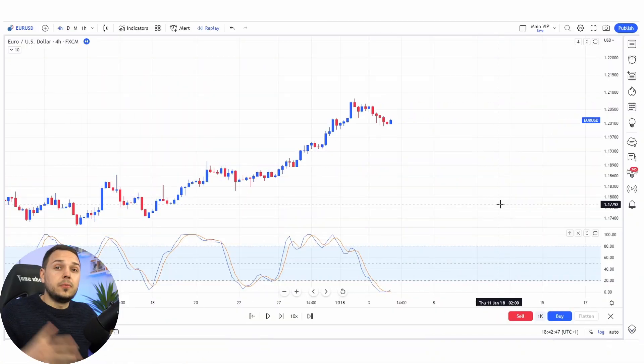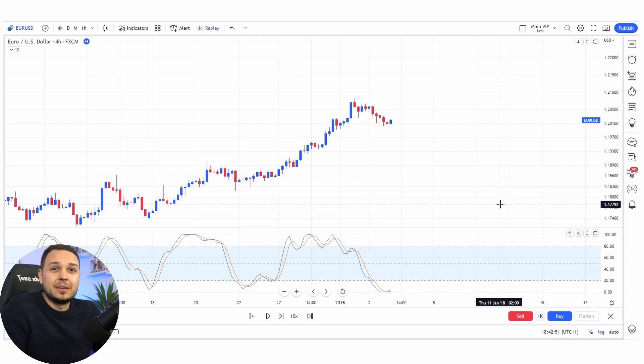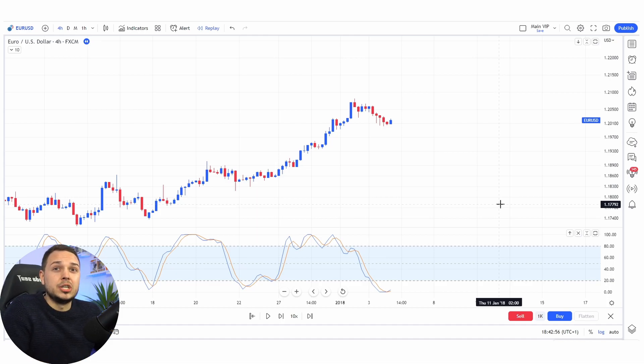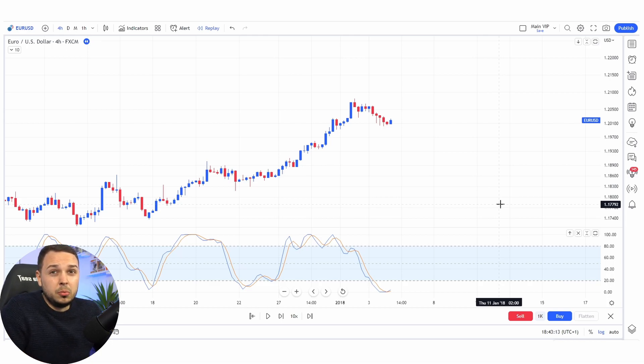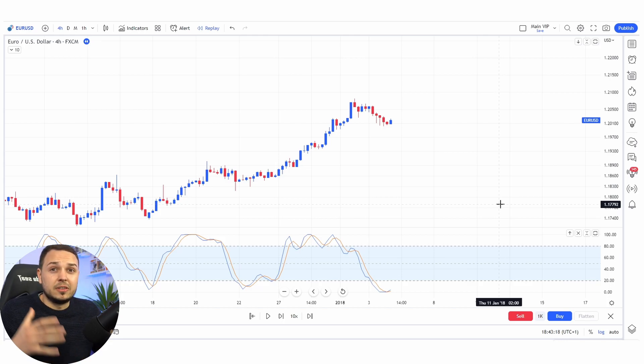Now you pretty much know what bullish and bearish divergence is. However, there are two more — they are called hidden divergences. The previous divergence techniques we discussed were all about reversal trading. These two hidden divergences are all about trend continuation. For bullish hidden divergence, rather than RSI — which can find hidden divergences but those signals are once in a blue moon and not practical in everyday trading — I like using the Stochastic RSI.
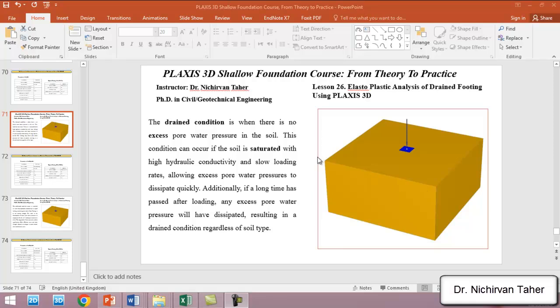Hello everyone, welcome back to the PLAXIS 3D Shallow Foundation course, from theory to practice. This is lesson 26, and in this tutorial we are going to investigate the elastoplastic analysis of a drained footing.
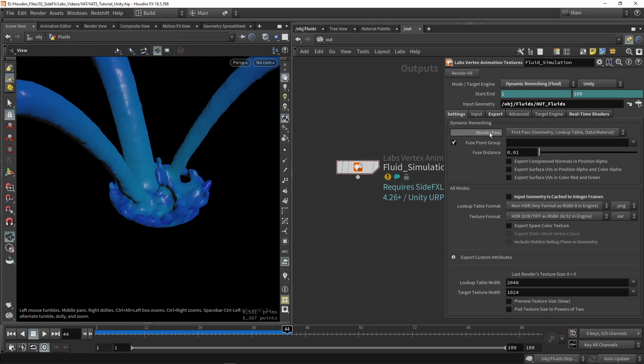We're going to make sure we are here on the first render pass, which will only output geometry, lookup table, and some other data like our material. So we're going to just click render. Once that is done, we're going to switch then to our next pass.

__Exercise aim__.
Word for word, return the listing above; the pictures do not belong in the copy.

__Result__.
Now you pretty much know what bullish and bearish divergence is. However, there are two more — they are called hidden divergences. The previous divergence techniques we discussed were all about reversal trading. These two hidden divergences are all about trend continuation. For bullish hidden divergence, rather than RSI — which can find hidden divergences but those signals are once in a blue moon and not practical in everyday trading — I like using the Stochastic RSI.
Hello everyone, welcome back to the PLAXIS 3D Shallow Foundation course, from theory to practice. This is lesson 26, and in this tutorial we are going to investigate the elastoplastic analysis of a drained footing.
We're going to make sure we are here on the first render pass, which will only output geometry, lookup table, and some other data like our material. So we're going to just click render. Once that is done, we're going to switch then to our next pass.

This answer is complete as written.